The students who populate our composition and writing courses bring rich histories and robust literacy practices with them, as we have learned from studies on writing transfer. Multilingual and transnational students introduce additional layers of literacy and, as such, demand pedagogies that are not only welcoming of diverse histories and practices but indeed responsive to them. Patrick W. Berry, Gail Hawisher, and Cynthia Selfe’s (2012) Transnational Literate Lives in Digital Times and Jay Jordan’s (2012) Redesigning Composition for Multilingual Realities provide two book-length explorations of multilingual student writers’ literacies. Both collections set out to explore the transnational, diverse language histories and experiences that students come to the classroom with, or in the words of Berry, Hawisher, and Selfe (2012), the “cultural, linguistic, and communicative complexities” (Introduction section, para. 4) of the writing classroom and beyond. Additionally, and more broadly, these projects provide compositionists examples of robust methods for creating pedagogies responsive to the needs of early 21st-century learners.

Map of the world hand-drawn in bold black lines Transnational Literate Lives presented a collection of 13 digital literacy narratives. These narratives were produced by 13 transnational students and were intended to illustrate, from the students’ own perspectives, how, when, and why they came to use various digital technologies and modalities including alphabetic text, photographs, video and audio clips. Berry, Hawisher, and Selfe's nuanced interview research methods repositioned each of their thirteen participants as collaborators in the project. Unlike traditional interview-based scholarship that positions interviewees as research subjects whose experiences get interpreted and represented by the researcher, the editors instead purposefully positioned their interviewees as co-authors of their respective chapters.

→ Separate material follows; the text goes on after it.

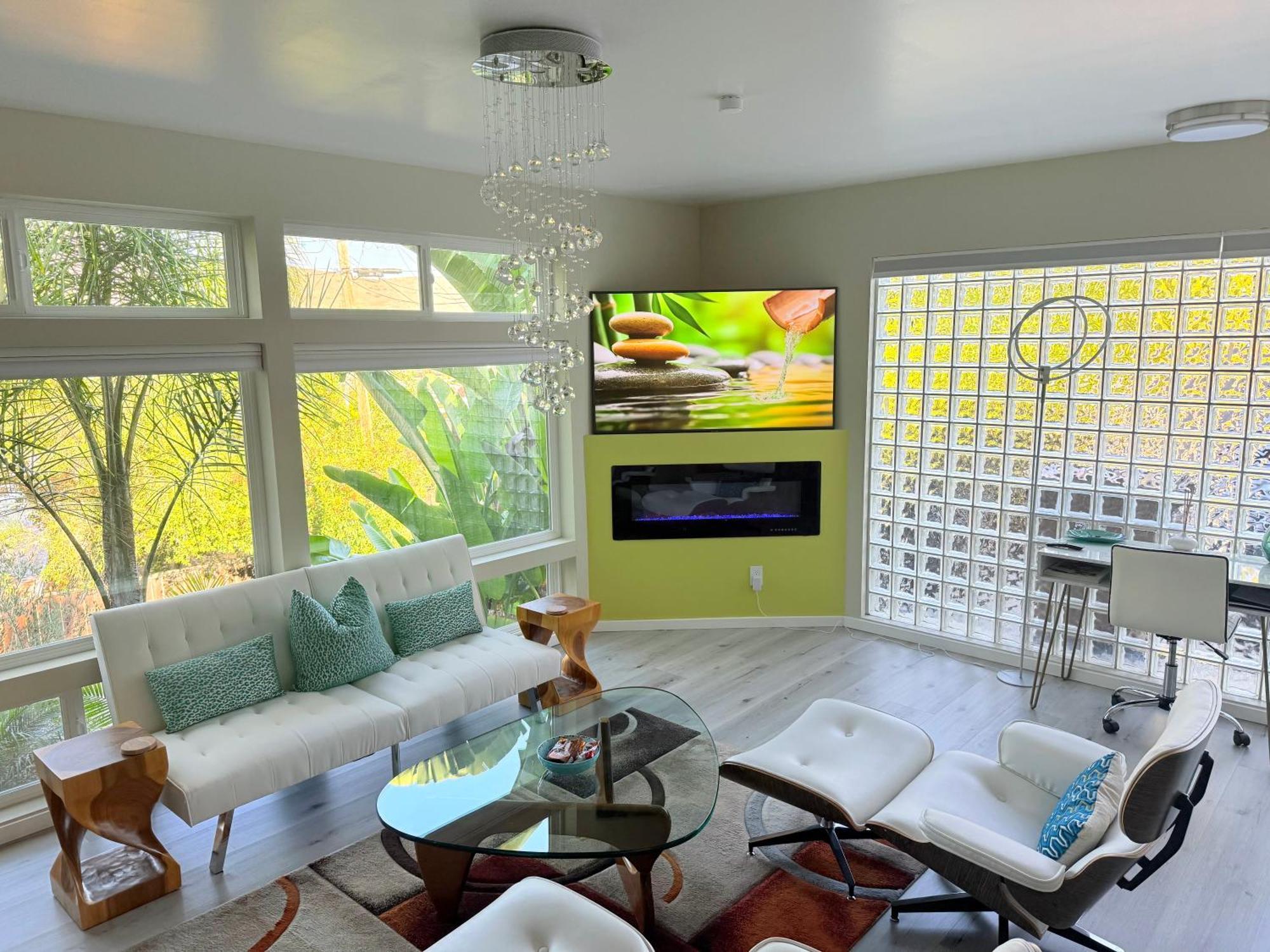 Luxury Suite With Views - San Rafael, Gateway To Sf & Wine Country Zewnętrze zdjęcie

Students produced their own narratives, which Berry, Hawisher, and Selfe organized in five themed chapter-length discussions.“Digital Literacies, Technological Diffusion, and Globalization” introduced readers to the 13 co-authors, their countries of origin, and the “lifeworlds” of each co-author. This introduction to participants is placed into conversation with current scholarship on communicative technology trends. In “Digital Media and Transnational Connections,” readers heard in detail from the first four co-authors about their individual digital literacy histories and habits. Here emergent modes of literacy and discourse were shaped by movement and interaction between cultures. “Cultural Designs for Writing Digitally,” “Acts of Translation in the Academy and across National Boundaries,” and, lastly, “Global Digital Divide: From Nigeria and the People’s Republic of China,” added to the amalgam of student histories. Each of Transnational Literate Lives’ five body chapters engaged readers by allowing the study participants to speak for themselves. We heard from the students directly; we saw the students’ self-selected representations of significant moments in their personal histories through various digital technologies both inside and beyond the classroom.